No sabía cuál era mi papel en todo esto, pero sí sabía que quería participar, movida por el deseo de aprovechar al máximo mis últimos días y conocer más lugares antes de irme, así que, desde mi trinchera, empecé a ayudar; cuando de repente, y para ser honesta, sin pedirlo, empecé a tener más responsabilidad en el proyecto y entré en pánico. Nunca había estado a cargo de filmar ni tampoco soy una experta en edición, pero igual lo hice. Fueron días pesados, llenos de trabajo y un poco de estrés, pero que valían la pena. Al leer algunos comentarios de la gente, recuerdo haber llorado más de una vez y pensar: soy instrumento de Dios, y voy a mejorar y tratar de dar todo de mi a partir de hoy, así tuviera que sacrificar un poco el vivir la peregrinación de la misma manera en que la vivían al otro lado de la pantalla, pero ¿qué es el servicio si no eso? Ofrecer el trabajo para el bien de otros sin esperar nada a cambio, y cuando es para acercarnos más a Dios, para mí es un honor servir.
A mediados de octubre se me nubla el mundo de nuevo: vuelo cancelado, pero podía tomar uno 100% asegurado en tres días o, el más cercano que me podían ofrecer, el 12 de noviembre. La decisión era mía. De nuevo más incertidumbre y miedo, porque cuando se trata de oportunidades únicas, siempre se siente la presión de tomarlas. Pero me quedé: me quedé para ir a misa al menos tres veces al Santo Sepulcro, para orar a solas dentro del huerto de Getsemaní, para escuchar en primera fila al padre Juan en todas sus misas, para ir a lugares que no conocía, para reír, disfrutar, descubrir, crecer y acercarme todavía más a Dios y servirle a través de mi trabajo. Ahora, a unos cuantos días de mi vuelo, que por perfecto designio de Dios ya no fue cancelado ni modificado, como diciéndome: ahora sí estás lista para volver; me doy cuenta de cómo nunca fueron mis planes, sino los que Él quería para mí, porque sabía que me haría más fuerte, que nos acercaría más, que crecería espiritualmente y como persona.

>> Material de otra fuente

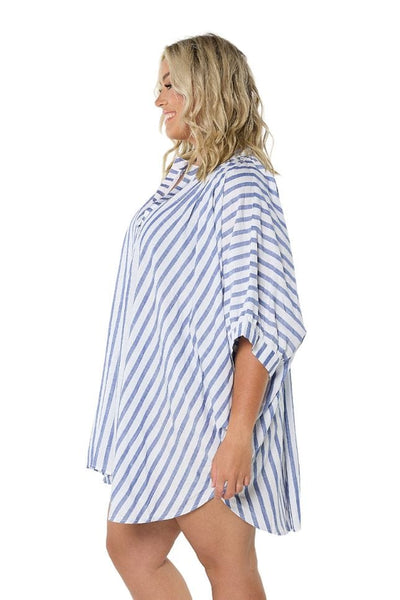 Side profile of plus size model in blue white striped beach shirt with v neckline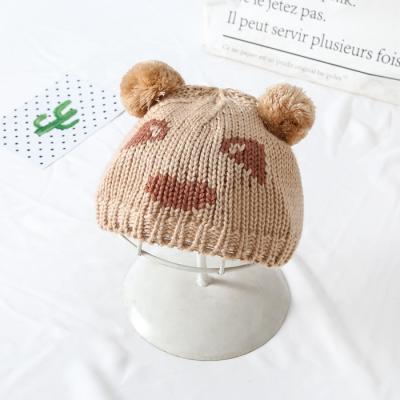 China Cheap common stock winter hat baby pom posellingm hat knit beanie for kids factory direct sale for sale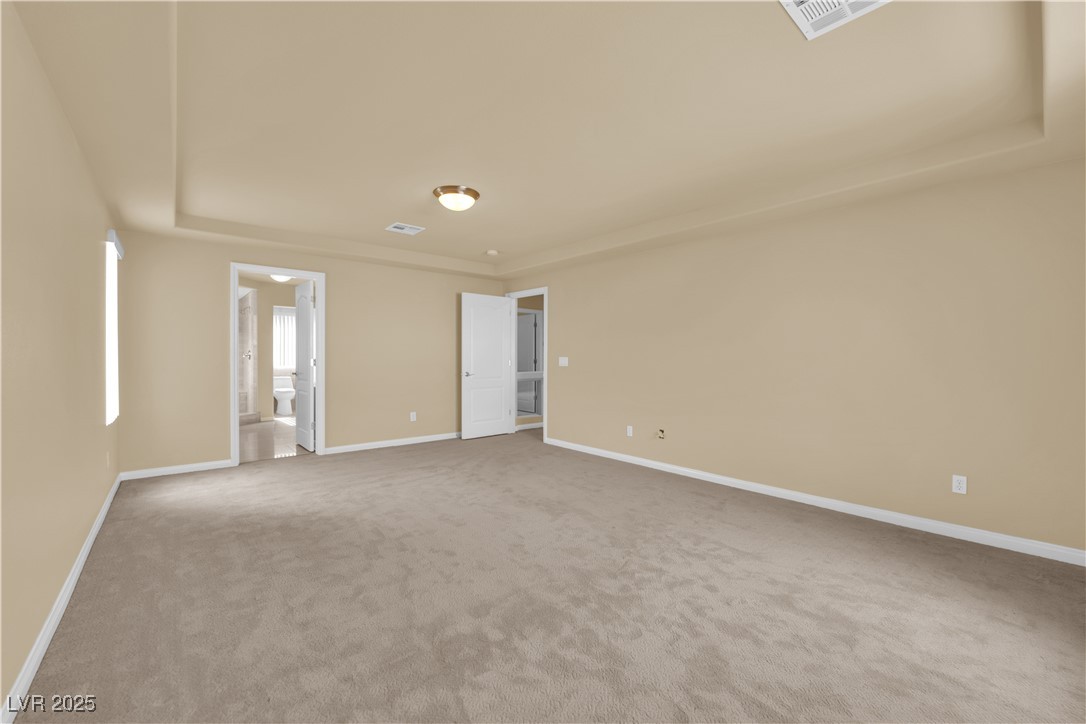 1142 Sax Fifth Avenue Henderson, NV 89052 - Photo 34 of 44 Spacious owner’s suite with direct access to the upgraded bathroom and walk-in closet.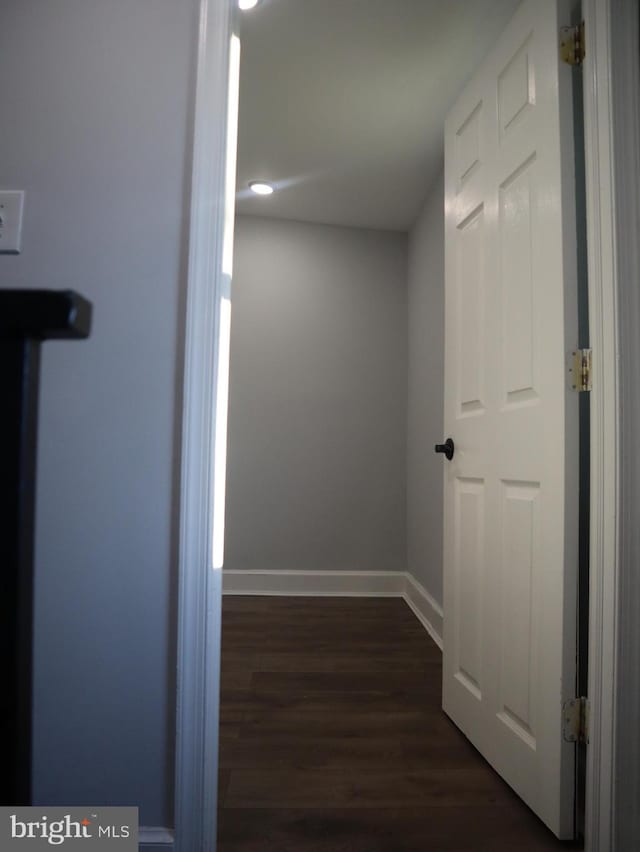 corridor with dark wood-type flooring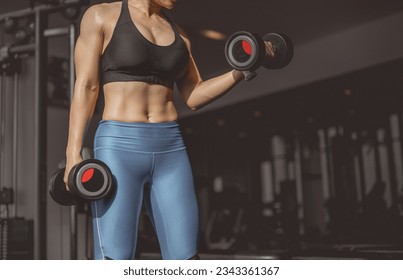 Concepts healthy lifestyle and workout. Bodybuilder, Workout, Fitness muscular body, Fitness, Gym. Fitness asian woman doing exercise and lifting dumbbells weights, bodyweight at sport gym  - Shutterstock ID 2343361367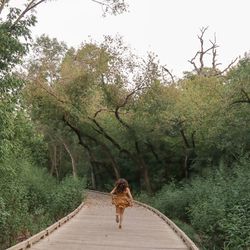  woman running on footpath amidst trees.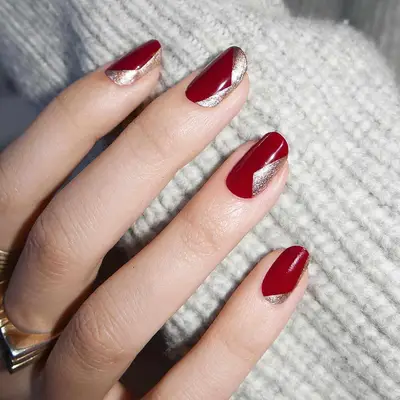 Short manicure with red base and abstract gold shimmer designs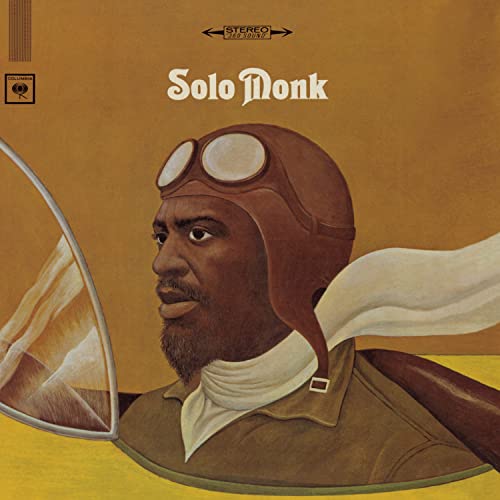 Thelonious Monk's portrait in aviator gear on a brown and yellow background.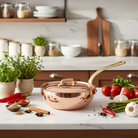 Mauviel M'Heritage M'200 B copper chef pan with brass handle and lid, showcasing its polished copper surface and sturdy metal handle.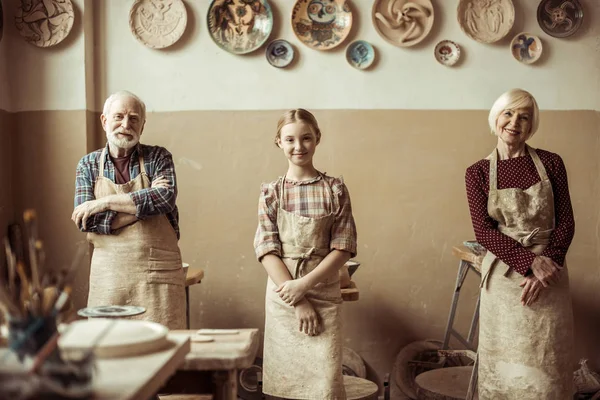 Grandmother and grandfather with granddaughter standing in a row at workshop — Stock Photo, Image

Mi lugar favorito en Israel es Getsemaní, y nunca había entendido por qué. Ahora comprendo que Dios me estaba enseñando a vivir mi propio Getsemaní: me enseñó a guiar mi vida conforme a su voluntad, a no temer a lo desconocido o a las pruebas que la vida me puso y de seguro me pondrá en frente, que no es como yo, egoístamente, quiero, sino que Él sabe los porqués, y a saber y reconocer que Él no me abandona, está ahí sea cual sea la prueba, me escucha, consuela y sostiene.
No sé qué sea lo siguiente o qué me espera al volver, pero en tanto sea Dios quien guíe mis pasos, no hay por qué temer.